General Motors, the largest US automaker, has seen its luxury brand Cadillac take a hit last year, with sales dropping in a very healthy overall auto market and following spectacular growth for other premium automakers.
With sales receding 6.5 percent last year, Cadillac was outrun by Germany’s Audi and relegated to the fifth overall position in the luxury segment even as new top management has started developing a strategy to reverse the slump. The GM parent company has now pledged $12 billion to introduce eight new models by 2020 and another two over the next decade, said Johan de Nysschen during the Detroit motor show. The brand’s focus will be the surging crossover sport utility vehicle segment – Cadillac has just one entry there, the SRX, while rival automakers such as BMW or Audi have five and three, respectively – and three SUVs will form the bulk of the expansion.
According to de Nysschen, two crossovers will slot below the SRX and one above, while the brand will also receive the much anticipated flagship model. Because it failed to impress customers and industry experts, the plug-in hybrid ELR, based on the first-generation Chevrolet Volt, will be sidelined, with no plans for an upcoming successor.

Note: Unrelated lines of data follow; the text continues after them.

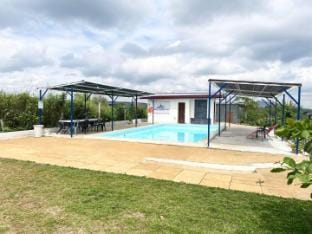 Concetta Inn Pool/Kit/Aircon near Dahilayan Loft 2 Vacation rental in Cagayan de Oro
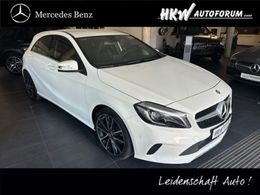 Mercedes A160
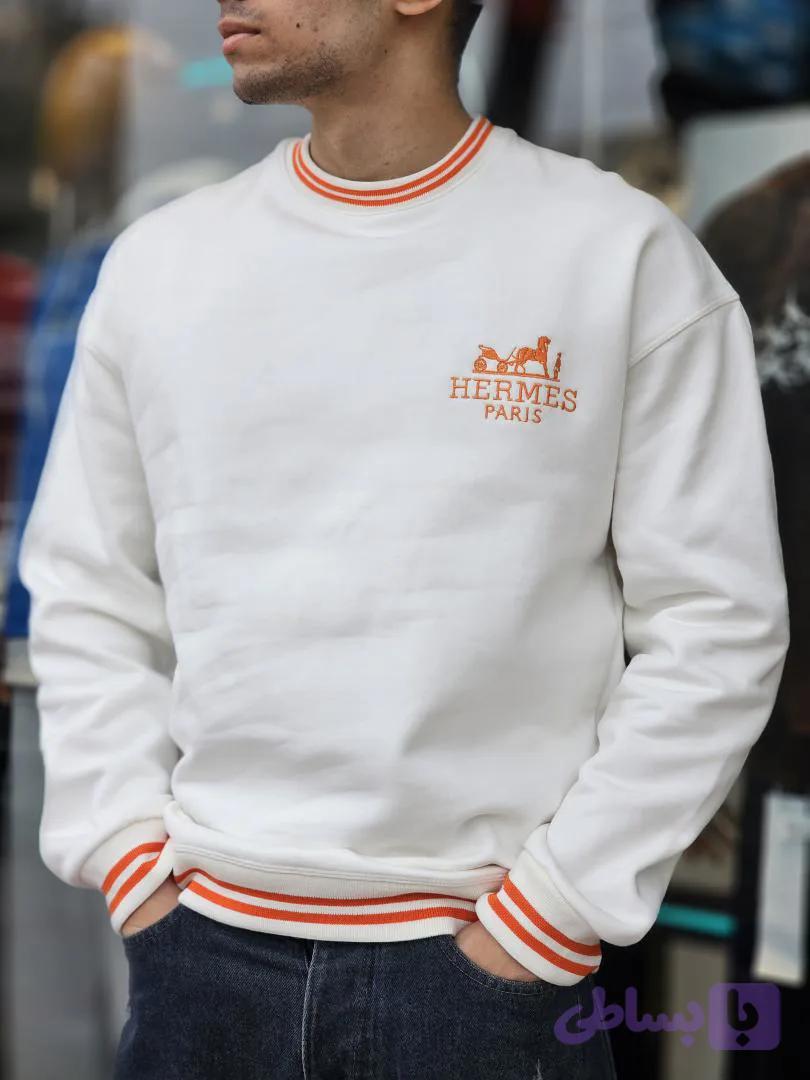 دورس سه نخ گلدوزی هرمس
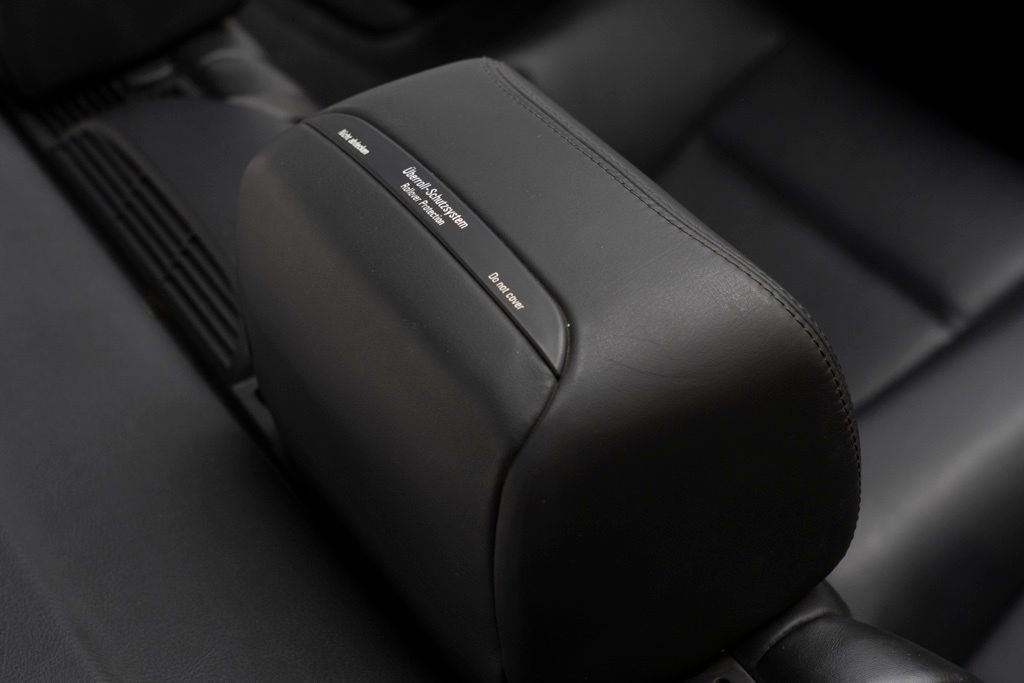 Used 2001 BMW M3 Convertible image 49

Uwe Ellinghaus, chief marketing officer for Cadillac further disclosed that the brand’s style showpiece will be a future sedan planned to top off the lineup above the announced CT6 sedan, which is scheduled to reach the dealerships sometimes this year. The CT6 sedan is envisioned as a rival for BMW’s 7 Series and the Mercedes S Class – so maybe the new range topping model is going to take on the recently unveiled Mercedes-Baybach subbrand.